The PalMod project aims for a better understanding of how slow feedbacks in the Earth system operate. Using the new insights into Earth system dynamics, PalMod will additionally make projections of the future climate over the next few millennia.
Using the last glacial cycle as example, PalMod will identify and constrain interactions between climate change, ice-sheet response (sea-level), and biogeochemical cycling, all of which ultimately determine the Earth system sensitivity.
The last glacial cycle is ideally suited to test ESMs with respect to their response to forcing (e.g., change in orbital parameters) and their capability to capture the statistics of climate variability on timescales up to multi-millennial.

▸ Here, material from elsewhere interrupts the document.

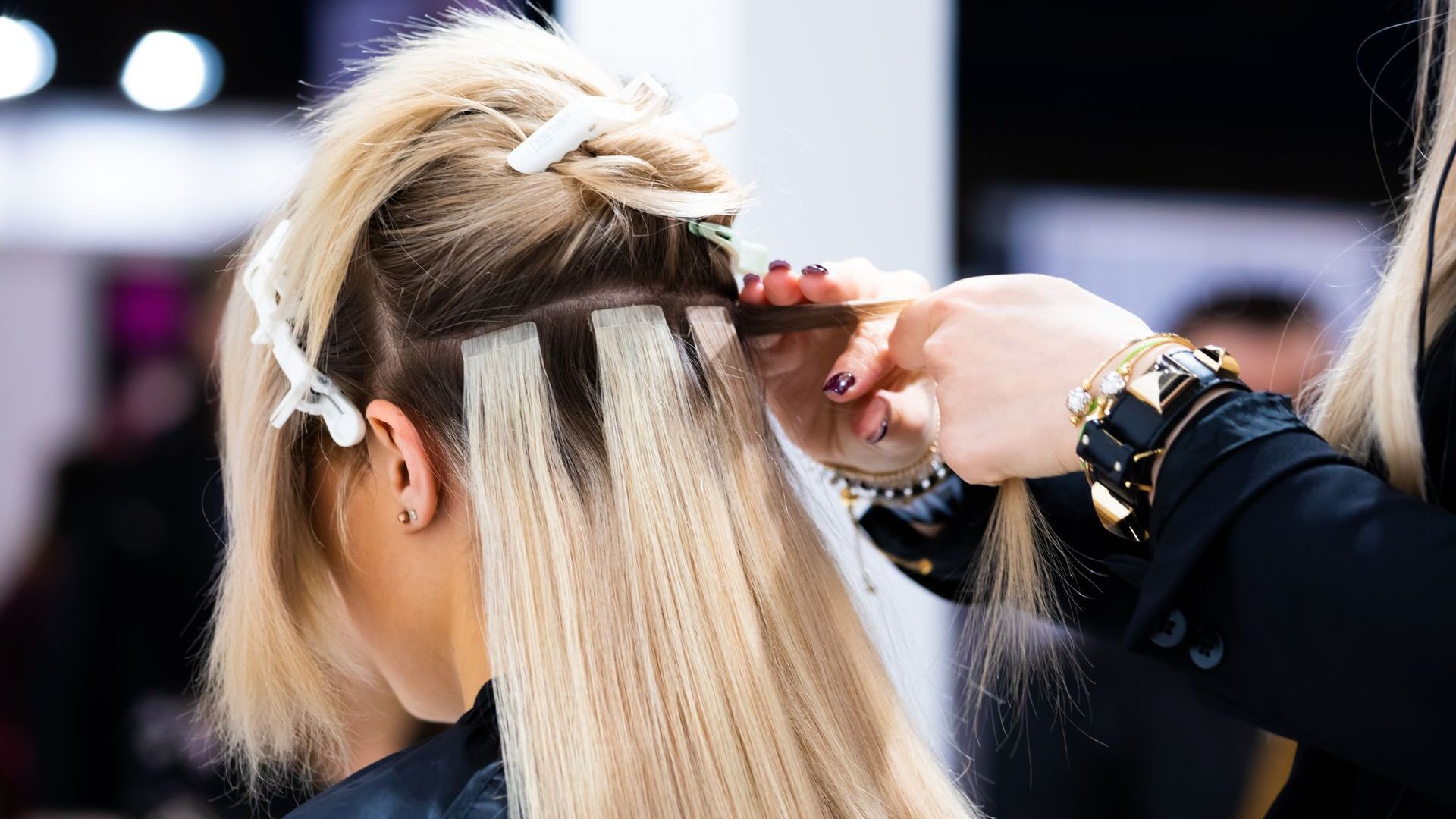 A Woman is Getting Her Hair Done by a Hairdresser — Xquisite Styles in Mount Warrigal, NSW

PalMod is a project envisioned to run over 10 years with shorter funding cycles: four year for the first phase, and three years for the second and third phase. The second phase started 2019 and will end in 2022.
During PalMod Phase II, the development of the comprehensive fully coupled ESMs started during the Phase I will be completed and will be used for transient simulations of the full last glacial cycle planned for PalMod Phase III. This will in include the coupling of the physical system with the biogeochemical system and the parameterization of key processes such as ice shelf-ocean interactions or weathering.
The target is to conduct multi-millennial transient integrations of the comprehensive ESMs for three climate periods: the glacial inception, Marine Isotope Stage 3 and deglaciation. The ESMs will contain interactive Northern Hemisphere and Antarctic ice sheets. Simulations will be tested with respect to changes in mean climate and statistics of climate variability. A compilation of homogenized paleo-climatological and paleo-vegetation data for the last 130,000 years will be performed and used for model verification. This will be complemented by high-resolution water isotope/proxy forward modelling.